Dia menilai lelang jabatan terbuka oleh Pemkab Lampura hanya sekedar formalitas yang sudah ada pemenang sebelum proses dan mekanismenya berjalan.

"Jadi masyarakat ini banyak yang mempertanyakan kredibilitas panitia dalam perekrutan ini. Mereka (warga), khususnya netizen mempertanyakannya dan ini telah berlangsung lama apa yang menjadi kekhawatiran masyarakat. Jangan sampai suara sumbang itu benar, bahwasanya sudah ada pemenang dalam seleksi terbuka ini," tambahnya.

Dia berharap kepada pemerintah agar dapat bersikap fair dalam proses lelang jabatan. Dia mewanti-wanti apa yang dikeluhkan tidak terjadi. Bila sampai terjadi, masyarakat berinisiatif untuk menggelar aksi demontrasi di jalan.

Sementara itu, Akademisi Universitas Muhammadyah Kotabumi (UMKO) Suwardi Amri mengaku pesimis akan pelaksanaan seleksi terbuka dapat dilaksanakan sesuai harapan masyarakat. Yakni berintegritas, fair dan tidak diskrimintif.
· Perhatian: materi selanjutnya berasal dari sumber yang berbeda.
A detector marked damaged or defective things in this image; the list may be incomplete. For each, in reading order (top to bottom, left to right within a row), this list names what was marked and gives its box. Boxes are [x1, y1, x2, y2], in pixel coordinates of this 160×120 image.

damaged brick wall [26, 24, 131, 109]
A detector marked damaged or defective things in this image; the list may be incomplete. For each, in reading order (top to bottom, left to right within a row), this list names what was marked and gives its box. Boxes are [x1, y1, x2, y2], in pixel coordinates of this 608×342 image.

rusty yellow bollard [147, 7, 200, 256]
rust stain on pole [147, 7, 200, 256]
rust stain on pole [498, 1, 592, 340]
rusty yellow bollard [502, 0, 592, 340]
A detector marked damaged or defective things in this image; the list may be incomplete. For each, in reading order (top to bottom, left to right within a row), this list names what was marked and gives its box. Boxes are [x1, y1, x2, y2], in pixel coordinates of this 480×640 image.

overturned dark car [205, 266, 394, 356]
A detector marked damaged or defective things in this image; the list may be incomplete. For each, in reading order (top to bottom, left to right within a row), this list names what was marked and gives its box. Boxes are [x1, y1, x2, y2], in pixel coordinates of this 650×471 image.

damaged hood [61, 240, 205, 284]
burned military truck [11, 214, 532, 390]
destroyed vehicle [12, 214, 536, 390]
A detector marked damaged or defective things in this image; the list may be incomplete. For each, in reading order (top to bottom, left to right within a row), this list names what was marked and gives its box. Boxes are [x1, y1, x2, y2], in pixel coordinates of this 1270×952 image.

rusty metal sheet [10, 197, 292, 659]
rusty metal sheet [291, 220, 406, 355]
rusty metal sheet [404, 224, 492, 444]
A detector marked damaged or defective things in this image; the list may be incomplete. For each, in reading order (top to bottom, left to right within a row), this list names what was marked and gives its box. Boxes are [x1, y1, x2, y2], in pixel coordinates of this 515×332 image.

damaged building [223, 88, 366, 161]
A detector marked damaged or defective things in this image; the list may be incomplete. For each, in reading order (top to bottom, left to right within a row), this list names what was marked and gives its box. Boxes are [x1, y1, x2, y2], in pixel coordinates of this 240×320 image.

Sebab hal itu telah menjadi kebudayaan, sehingga cukup sulit dihilangkan.

"Ya kalau itu kita cukup tahu saja, sebab melihat pengalaman yang lalu. Memang demikian adanya, pemenang sebenarnya telah ditentukan dan saya rasa apa yang ada dibenak masyarakat itu tidak salah-salah amat. Sebab berdasakan pengalaman banyak mengajarkan kita, orang dari luar berpotensi besar karena bawaan sang pemimpin untuk memuluskan aksinya," tambahnya.

Suwardi berharap pemerintah dapat mempertimbangkan apa yang menjadi keluhan masyarakat. Sebab, bila tidak akan menjadi blunder, ditengah carut-marut pemerintah daerah. Khususnya pasca OTT kepala daerah dan berbagai persoalan mencuat pada pemerintahan disana.
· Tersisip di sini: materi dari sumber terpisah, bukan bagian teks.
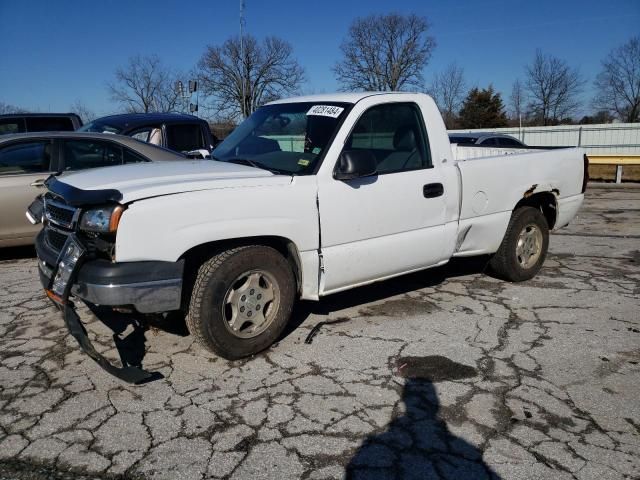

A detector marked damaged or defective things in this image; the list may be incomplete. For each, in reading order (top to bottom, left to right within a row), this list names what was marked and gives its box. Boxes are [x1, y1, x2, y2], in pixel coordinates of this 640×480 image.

cracked asphalt pavement [1, 185, 640, 480]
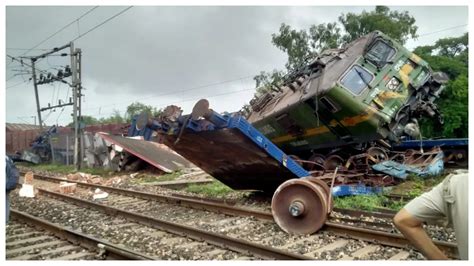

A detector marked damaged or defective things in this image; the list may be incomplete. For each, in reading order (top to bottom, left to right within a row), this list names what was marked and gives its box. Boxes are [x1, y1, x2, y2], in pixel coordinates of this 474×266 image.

damaged railway track [13, 170, 460, 260]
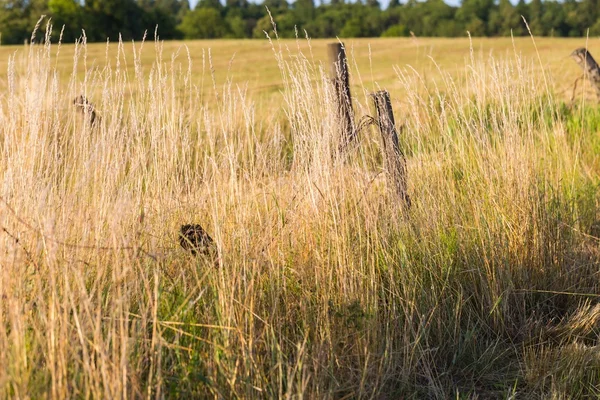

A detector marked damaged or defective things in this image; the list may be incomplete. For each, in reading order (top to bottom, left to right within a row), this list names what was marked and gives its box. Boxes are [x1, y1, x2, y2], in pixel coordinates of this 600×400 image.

broken fence post [328, 42, 356, 150]
broken fence post [372, 91, 410, 209]
broken fence post [568, 47, 600, 101]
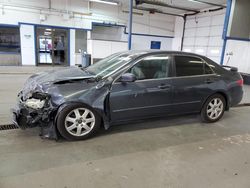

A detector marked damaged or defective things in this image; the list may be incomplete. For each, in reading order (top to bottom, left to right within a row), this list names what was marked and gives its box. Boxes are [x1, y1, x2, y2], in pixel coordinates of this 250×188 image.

detached bumper piece [12, 92, 58, 140]
damaged sedan [12, 50, 244, 140]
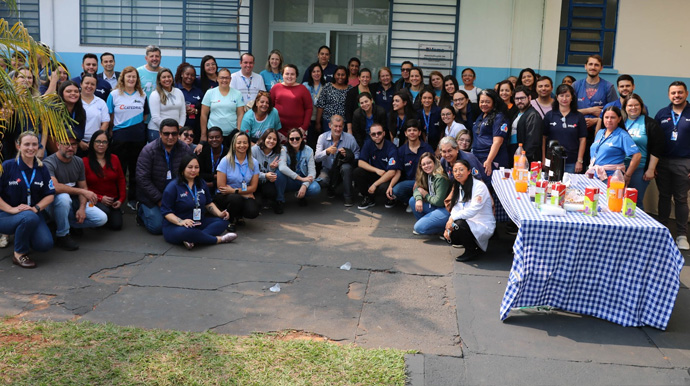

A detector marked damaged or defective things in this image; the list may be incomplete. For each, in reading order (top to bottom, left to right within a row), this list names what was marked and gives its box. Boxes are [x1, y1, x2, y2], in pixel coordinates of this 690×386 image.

cracked concrete slab [80, 284, 245, 330]
cracked concrete slab [129, 255, 300, 288]
cracked concrete slab [214, 266, 368, 340]
cracked concrete slab [352, 272, 460, 356]
cracked concrete slab [452, 272, 672, 368]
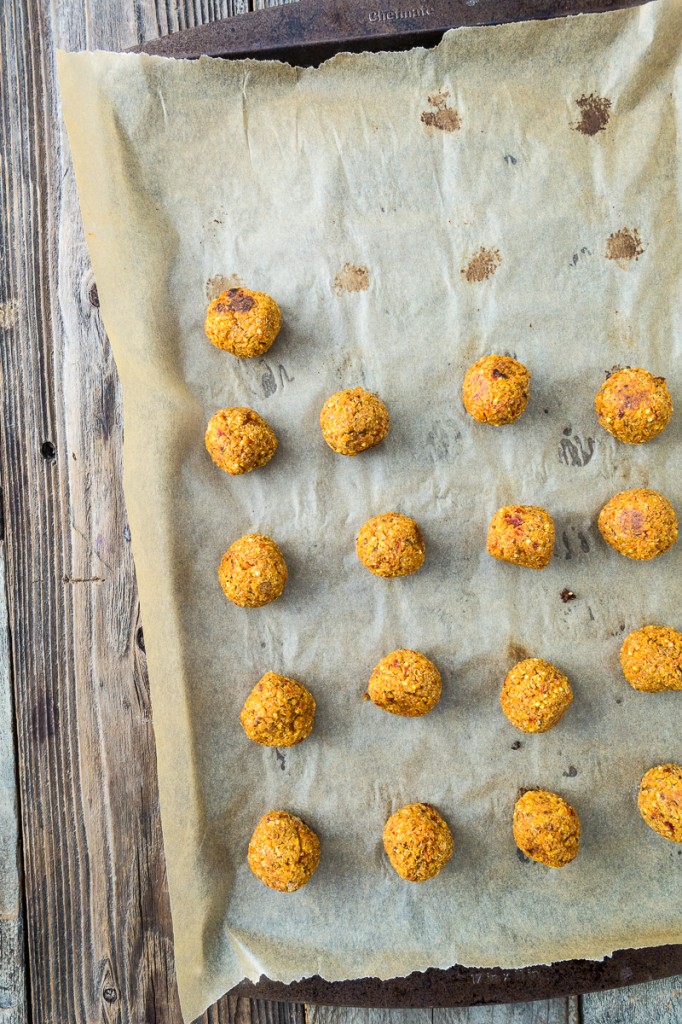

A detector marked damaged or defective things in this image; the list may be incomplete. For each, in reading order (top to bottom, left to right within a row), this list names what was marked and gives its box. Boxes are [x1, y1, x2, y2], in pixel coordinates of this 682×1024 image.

"Banyak persoalan di Lampura yang membutuhkan penanganan serius dan dilakukan oleh orang yang memang paham akan krakteristik warganya. Karena ini tidak mudah, apalagi orang dari luar. Sebab, masyarakat disini memiliki keunikan sendiri, mulai dari sifat sampai akar budayanya," ujarnya.